He found his confidence, and his legendary textbook jump shot, in Storrs.

Growing up in Dalzell, South Carolina, Allen was sought after as a recruit but wasn’t viewed as one of the elite, can’t-miss prospects. His final decision came down to historic blue-blood Kentucky — then coached by Rick Pitino — and the up-and-coming UConn program.

Ultimately, Allen surprisingly picked the Huskies, thanks in large part to Jim Calhoun and his coaching staff’s commitment to developing Allen into a good college player instead of promising NBA stardom.

“Coach [Calhoun] never sold me a bill of goods, saying he was going to make me an NBA player. He didn’t say he was going to get me drafted,” Allen said. “He said I could be good if I did good work.”
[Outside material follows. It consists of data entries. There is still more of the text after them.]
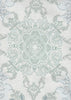 Soft Blues Greens on Ivory Linen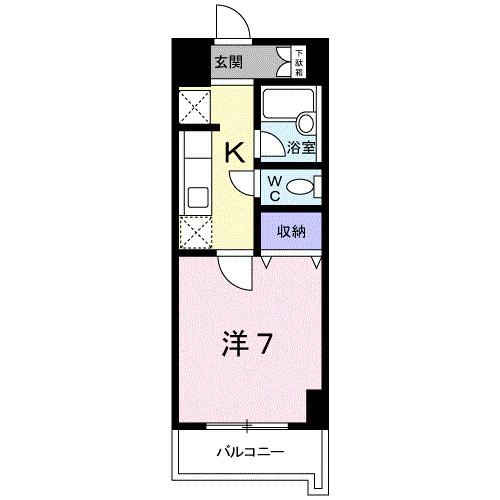 パルフェ・シャンブル千葉（202） 間取り図画像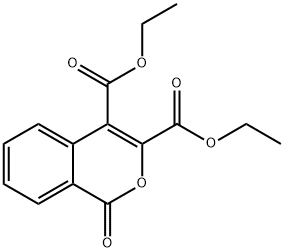 1H-2-Benzopyran-3,4-dicarboxylic acid, 1-oxo-, 3,4-diethyl ester Struktur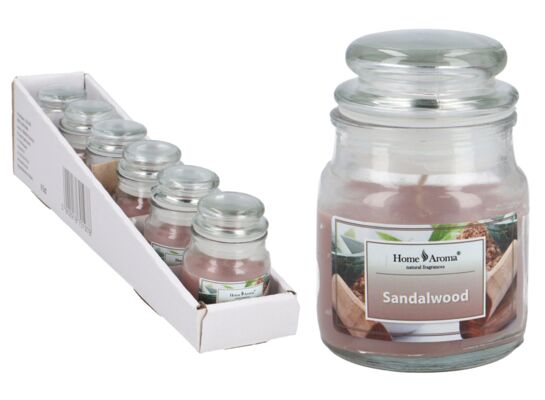 Świeca zapachowa w szkle drewno sandałowe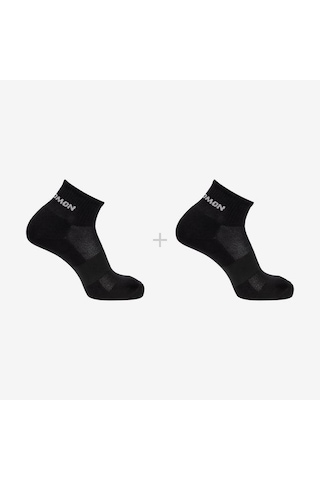 Salomon Evasion Ankle 2-pack Çorap-27423 Siyah - Siyah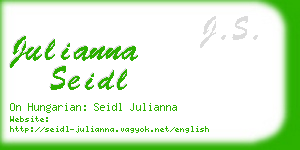 julianna seidl business card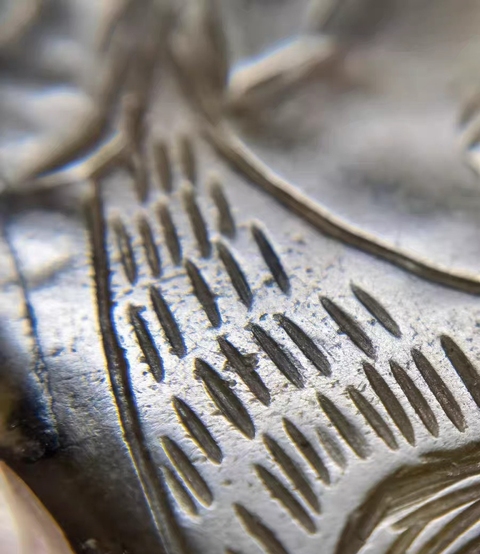 古玩玉器岫玉雕“龍紋牌”真品鑒賞圖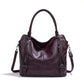 Women's Large Portable Soft Leather Capacity Tote Bags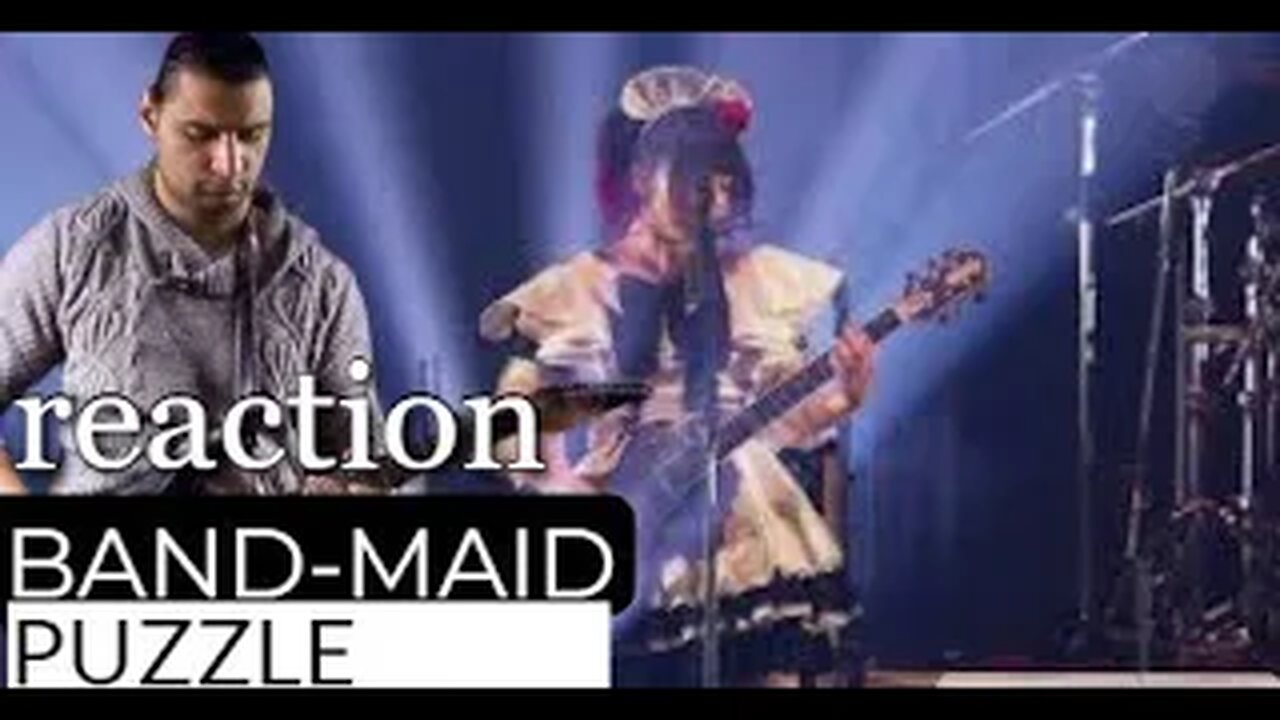 BAND-MAID / Puzzle (Official Live Video) reaction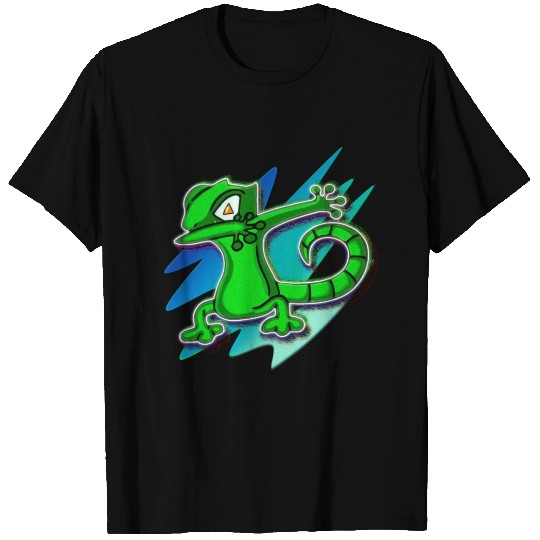 Dabbing Gecko - Jack O Lantern Eyes T Shirts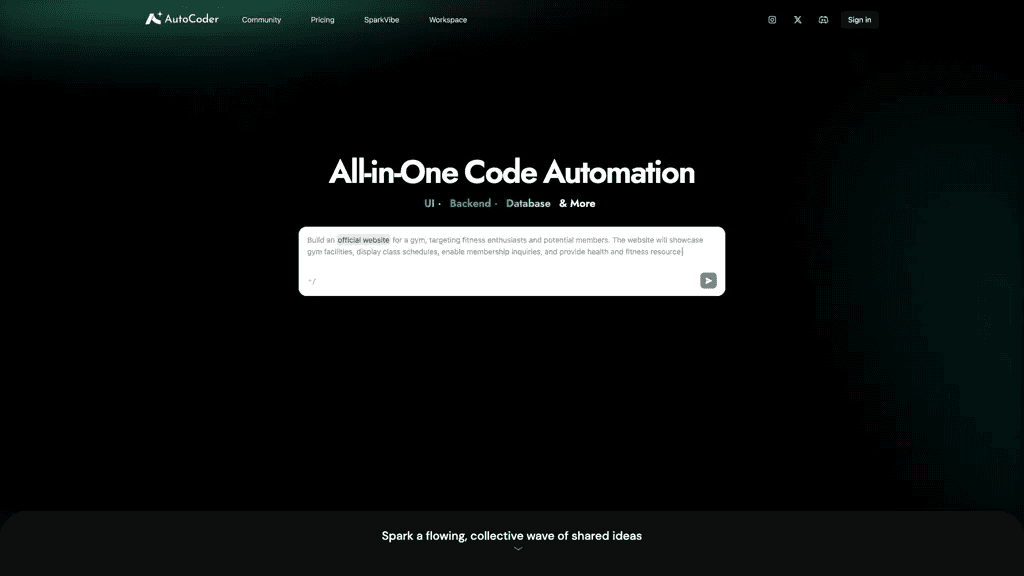AutoCoder 工具截图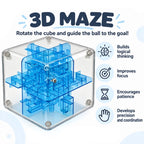 WOOPIE 3D labirintas-kubas su kamuoliuku, mėlynas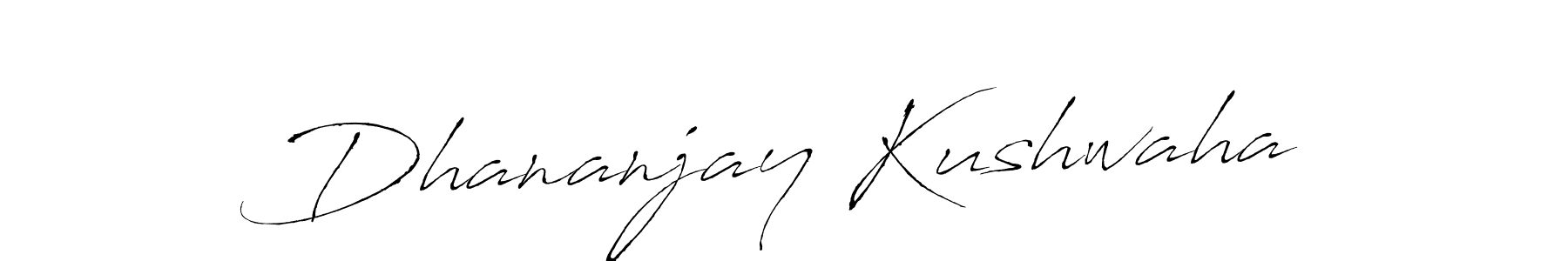 Design your own signature with our free online signature maker. With this signature software, you can create a handwritten (Antro_Vectra) signature for name Dhananjay Kushwaha. Dhananjay Kushwaha signature style 6 images and pictures png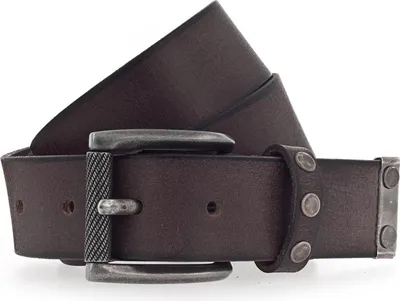 Produktbild von Vanzetti Leder Gürtel 35mm Leather Belt W85 Dark Brown braun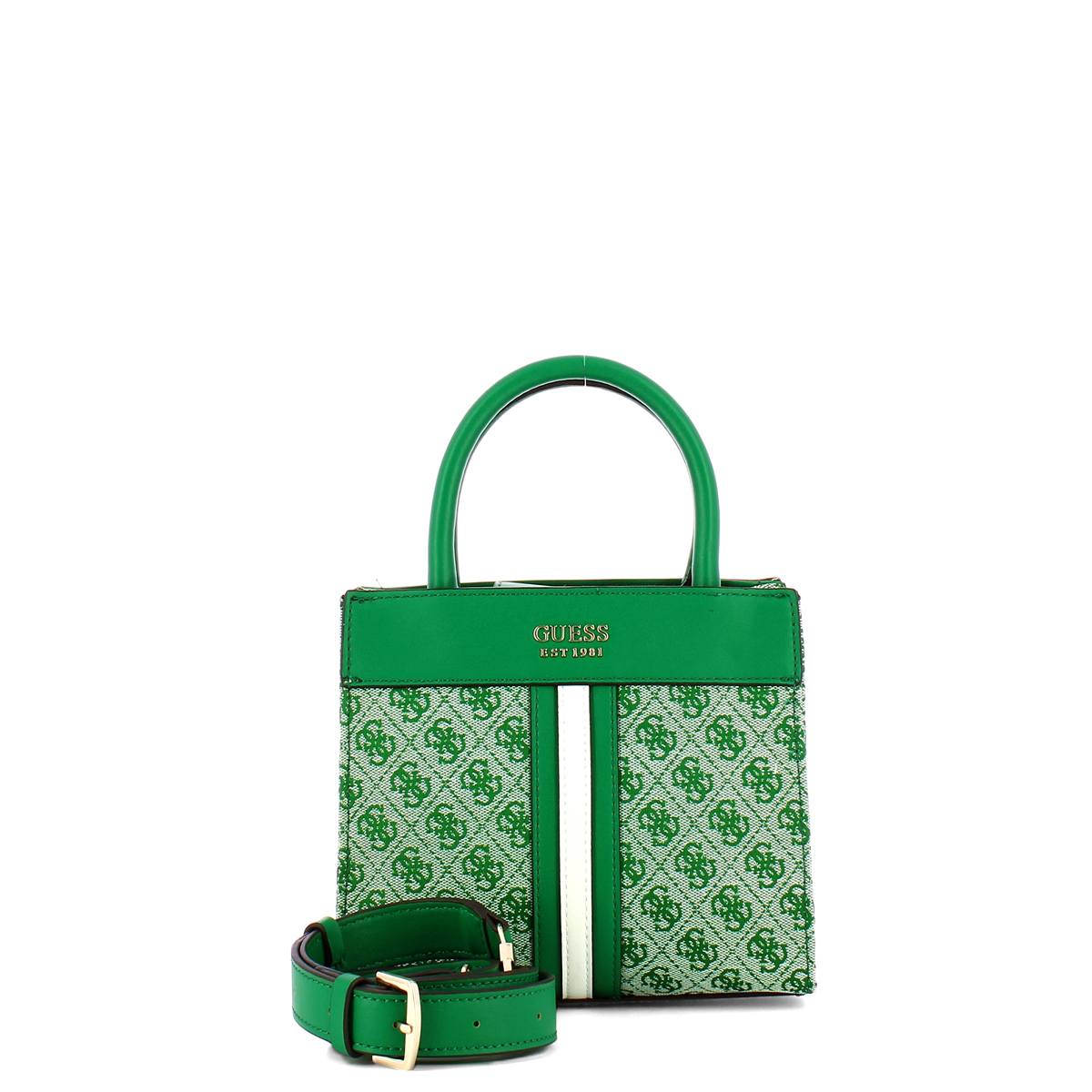 Guess Mini Borsa a mano Kasinta logata Green - 4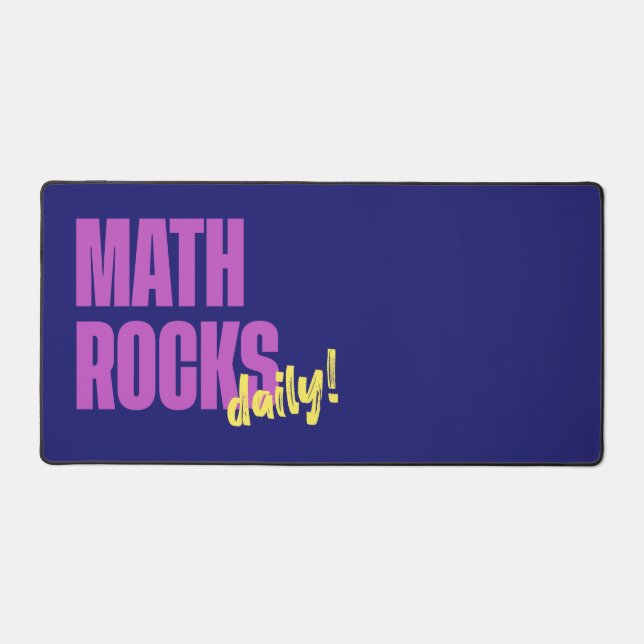 Math Rocks Daily Schreibtischunterlage (Vorderseite)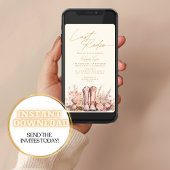 ラストロデオブーツフローラ女性のカーボーイブライダルシャワー 招待状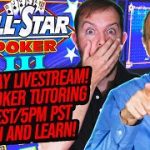 🔴 LIVE Video Poker Tutoring! Learn To Play With The Jackpot Gents!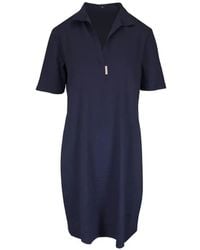 Peter Cohen - Paola Short-Sleeve Polo Mini Dress - Lyst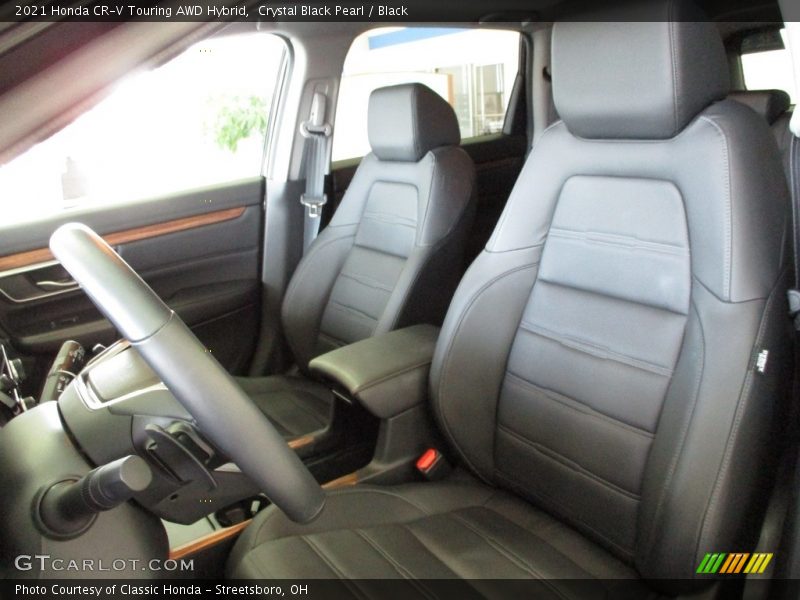 Crystal Black Pearl / Black 2021 Honda CR-V Touring AWD Hybrid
In high school, the NBA was the farthest thing from Allen’s mind. Growing up, he had almost no exposure to the professional game.

“I had never seen a professional athlete, I didn’t know what a professional athlete sounded like, looked like, walked like, so when somebody says, ‘Have you ever thought about playing in the NBA?’ I was like, ‘Well what does that mean? I don’t know what it takes to do it,’” Allen said.

Even though he was a star inhigh school, Allen didn’t have enough confidence in himself to believe he could excel at the college level. He had to come into a new situation with new teammates and coaches and prove himself all over again.

“I was good in South Carolina. When I was leaving South Carolina, I had no idea what I was going to amount to once I got to college. Then the same thing happened at UConn,” he said. “But the best thing was I never believed I was greater than where I was at the moment. Let me focus on what I have in front of me and try and build on that.”

While plenty of young players wanted to go to school in a city with bright lights and a strong nightlife, Allen had a different mindset. He liked the seclusion that came with living in Storrs in the 1990’s.

“I believe that Storrs is a special place that doesn’t create a lot of distractions for you but you learn the environment,” Allen said. “The people that come from different places, when they see Storrs, they see it for what it is. It’s an institution of higher learning and it’s a place where you can perfect your craft, get better, take it to the next level and young people have to be smart enough to understand that.”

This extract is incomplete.